There has been media coverage claiming sewage discharges, also known as storm overflows, should be stopped for the bank holiday weekend.
The government remains clear that the volume of sewage being discharged into our waters is utterly unacceptable – however there is no switch to turn storm overflows off overnight and this is a reckless suggestion which would risk the safety of people, homes and business. Storm overflows are an automatic safety valve that release excess pressure on the network. This prevents sewage backing up into properties and stops widespread mains pipe bursts across the country. Storm overflows should only be used under strict permit conditions.
It is also completely untrue to claim there is no record of discharges in July and August. As a result of this government’s action, 91% of overflows are monitored throughout the year, reaching 100% cover by the end of this year.
Overall bathing water quality has improved significantly over the last decade - with a continuing upward trend - due to robust Environment Agency regulation and working with partners. There were more bathing waters classified as excellent last year and 93% of bathing waters met the highest standards of ‘good’ or ‘excellent’ - up from just 76% in 2010. This has been driven by £2.5 billion of investment and facilitated partnerships.

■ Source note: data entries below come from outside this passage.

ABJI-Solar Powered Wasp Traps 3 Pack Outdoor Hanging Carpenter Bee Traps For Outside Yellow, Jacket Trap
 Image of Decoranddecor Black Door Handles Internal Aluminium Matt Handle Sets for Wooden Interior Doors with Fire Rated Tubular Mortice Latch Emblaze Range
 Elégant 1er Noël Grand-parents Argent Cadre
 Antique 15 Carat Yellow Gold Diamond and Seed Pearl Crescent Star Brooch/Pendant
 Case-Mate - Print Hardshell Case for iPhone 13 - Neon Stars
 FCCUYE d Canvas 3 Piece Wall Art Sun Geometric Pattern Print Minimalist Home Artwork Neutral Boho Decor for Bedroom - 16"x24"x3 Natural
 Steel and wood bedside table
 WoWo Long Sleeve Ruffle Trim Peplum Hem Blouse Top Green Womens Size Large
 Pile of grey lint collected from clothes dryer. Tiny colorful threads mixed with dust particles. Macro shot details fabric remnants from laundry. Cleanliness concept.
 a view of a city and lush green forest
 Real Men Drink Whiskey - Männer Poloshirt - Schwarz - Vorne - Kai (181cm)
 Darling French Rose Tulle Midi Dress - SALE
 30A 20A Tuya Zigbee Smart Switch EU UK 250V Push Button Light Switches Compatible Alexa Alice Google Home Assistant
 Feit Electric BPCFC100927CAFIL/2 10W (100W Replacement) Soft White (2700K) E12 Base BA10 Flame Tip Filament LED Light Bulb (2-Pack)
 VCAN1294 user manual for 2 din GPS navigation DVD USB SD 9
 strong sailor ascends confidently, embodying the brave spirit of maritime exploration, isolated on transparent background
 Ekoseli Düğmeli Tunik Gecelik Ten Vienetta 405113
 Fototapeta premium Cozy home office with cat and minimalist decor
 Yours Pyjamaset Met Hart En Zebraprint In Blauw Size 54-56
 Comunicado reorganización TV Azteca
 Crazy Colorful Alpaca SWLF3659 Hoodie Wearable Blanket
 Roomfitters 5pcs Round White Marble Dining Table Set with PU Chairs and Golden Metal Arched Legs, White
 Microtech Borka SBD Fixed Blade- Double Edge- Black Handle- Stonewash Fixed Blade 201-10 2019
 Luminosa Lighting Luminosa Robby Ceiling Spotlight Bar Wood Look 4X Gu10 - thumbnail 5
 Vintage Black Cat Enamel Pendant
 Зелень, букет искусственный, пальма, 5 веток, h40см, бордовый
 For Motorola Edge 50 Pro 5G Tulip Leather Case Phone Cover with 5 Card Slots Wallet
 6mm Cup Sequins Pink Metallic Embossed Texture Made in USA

A Defra spokesperson said:
This is a reckless suggestion that risks the safety of homes and businesses.
Storm overflows cannot just be ‘switched off’. They are an automatic feature designed to stop sewage backing up into properties.
They should only be used under strict permit conditions – and we are clear that the volume of sewage being discharged into our waters is utterly unacceptable. That is why our Plan for Water sets out more investment, stronger regulation and tougher enforcement to increase capacity in the network and tackle every source of pollution.
Last year 93% of bathing waters met the highest standards of ‘good’ or ‘excellent’, up from just 76% in 2010.